Brief –
Copy, with no pictures, the line that contains "angry country flag" and each line after it down to the end of the entries below, exactly.

Captioned web images:
+===+

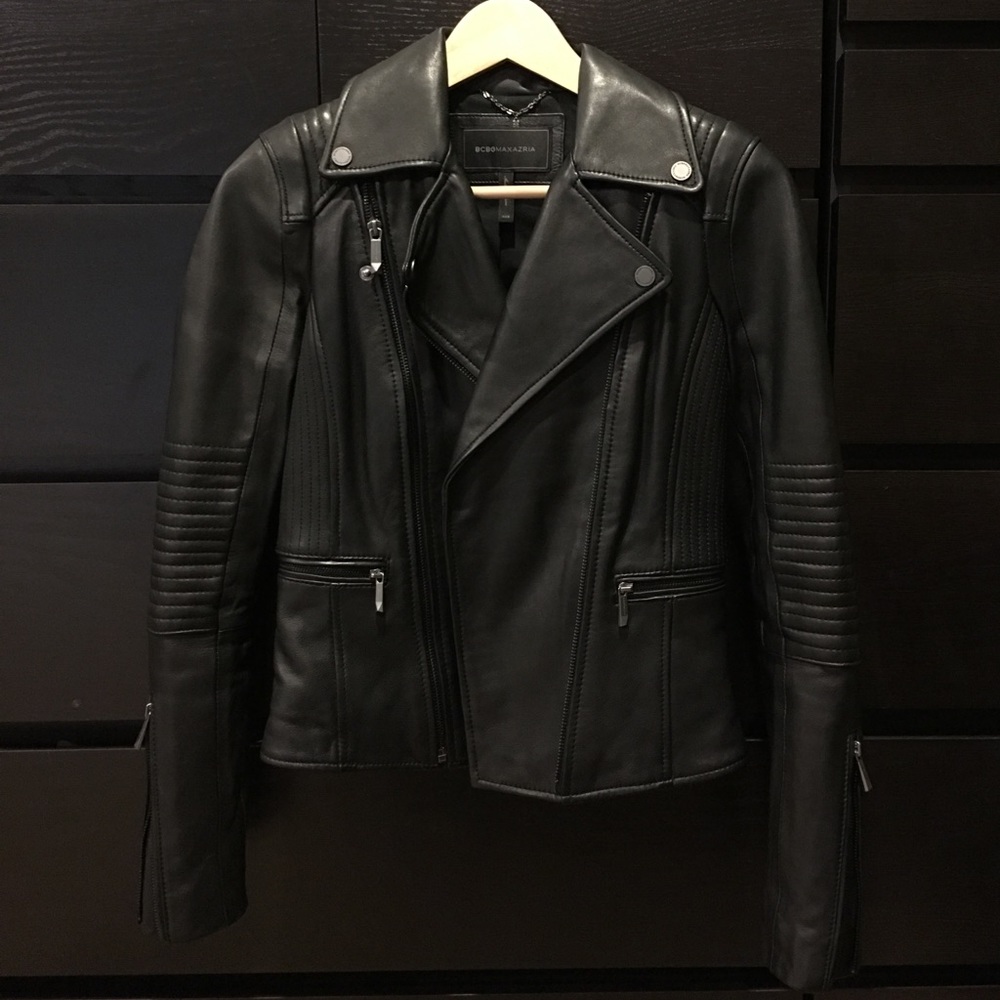BCBG Black Leather Jacket XXS
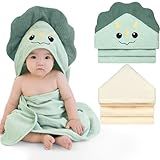 Unicorn Castle Hooded Baby Towels 2Pack 100% Muslin Baby Bath Towels for Newborn Animal Design Ultra-Soft Baby Girl Boy Bath Essentials 30 X 30 Inch,Green Dinosaur - Beige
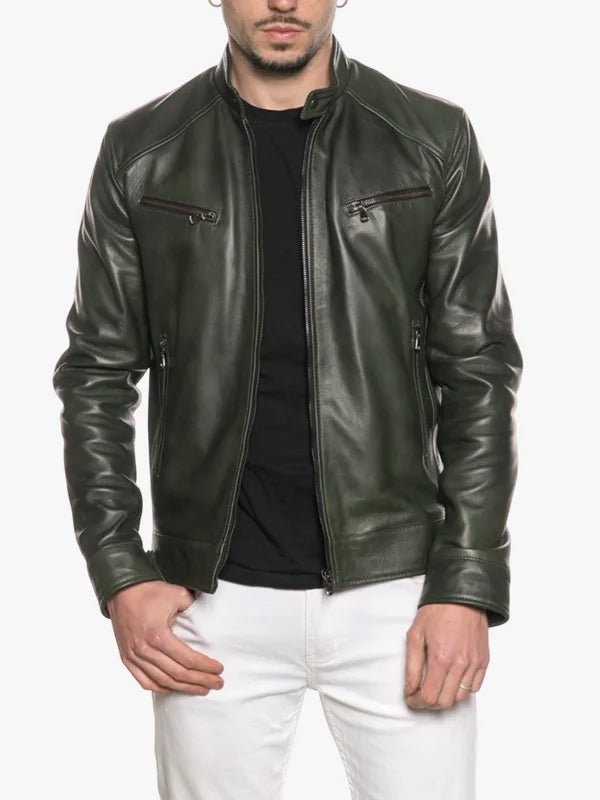 Men Uo6 Green Snap Tab Jacket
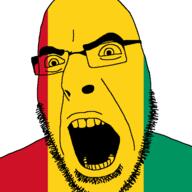 angry country flag flag:guinea glasses guinea open_mouth soyjak stubble variant:cobson // 721x720 // 11.3KB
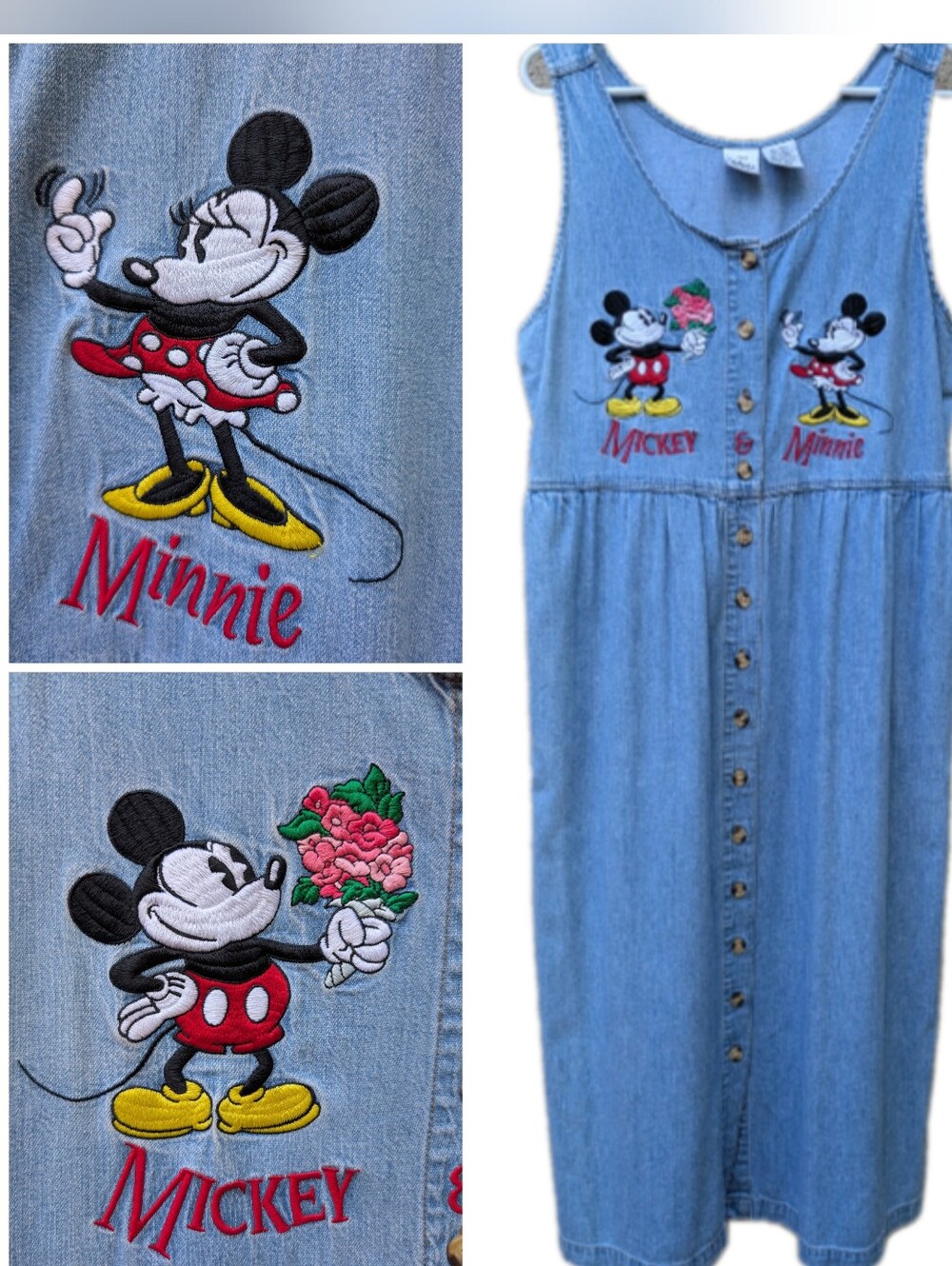 Vintage Disney Store Mickey Minnie Denim Jumper Dress Embroidered L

+===+

Answer to the problem –
 angry country flag flag:guinea glasses guinea open_mouth soyjak stubble variant:cobson // 721x720 // 11.3KB
 Vintage Disney Store Mickey Minnie Denim Jumper Dress Embroidered L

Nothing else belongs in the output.